In Testimony Before the Senate, ACLU President Urges Congress Protect Against Executive Branch Overreach in Terrorism Investigation
FOR IMMEDIATE RELEASE
WASHINGTON — In testimony before a Senate committee, the American Civil Liberties Union today strongly urged Congress to reclaim its constitutional duty to oversee executive branch action. The ACLU said the Senate should be deeply troubled by unilateral policy changes by the Administration in the terrorism investigation.
“Congress has unfortunately been cut out of the loop,” said Nadine Strossen, ACLU President and Professor of Law at New York Law School. “Congress must fulfill its constitutional obligations and ensure that the war on terrorism not cause a grievous injury to American democracy.”
In her prepared testimony, Strossen specifically criticized the Bureau of Prisons regulation allowing government eavesdropping on previously confidential attorney-client conversations as “unnecessary” and as a dangerous threat to the effective assistance of defense counsel. She also called the recent announcement by the Department of Justice that it would request ‘voluntary’ interviews with over 5,000 Arabs and Muslims in the United States based solely on their national origin “inherently coercive.”

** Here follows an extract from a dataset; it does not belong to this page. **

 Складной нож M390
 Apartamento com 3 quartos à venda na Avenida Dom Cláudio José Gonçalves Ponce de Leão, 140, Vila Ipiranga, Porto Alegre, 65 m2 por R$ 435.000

Strossen also raised concerns with Attorney General Ashcroft’s blanket refusal to release essential information about the over 1,200 detainees being held in connection with the investigation, many on minor immigration violations. According to news reports, only 27 of these detainees have any information related to investigating the Sept. 11 attacks. Strossen called it the largest campaign of preventive detention since the Japanese internment in World War II.
Today’s hearing is one of a series called by the Senate Judiciary Committee to examine several controversial policy changes made over the past month by the Administration in the terrorism investigation. Several members of Congress from both sides of the aisle, including Committee Chairman Patrick Leahy (D-VT) and Sen. Arlen Specter (R-PA), have publicly voiced concerns over these recent curtailments of civil liberties.
“Throughout this investigation, the Administration has adopted a ‘trust us, we’re the government’ attitude toward its critics and the American people,” Strossen said. “But for our democracy to thrive, Congress and the American public must cast a skeptical eye over any attempt by the executive branch to amass new unchecked powers.”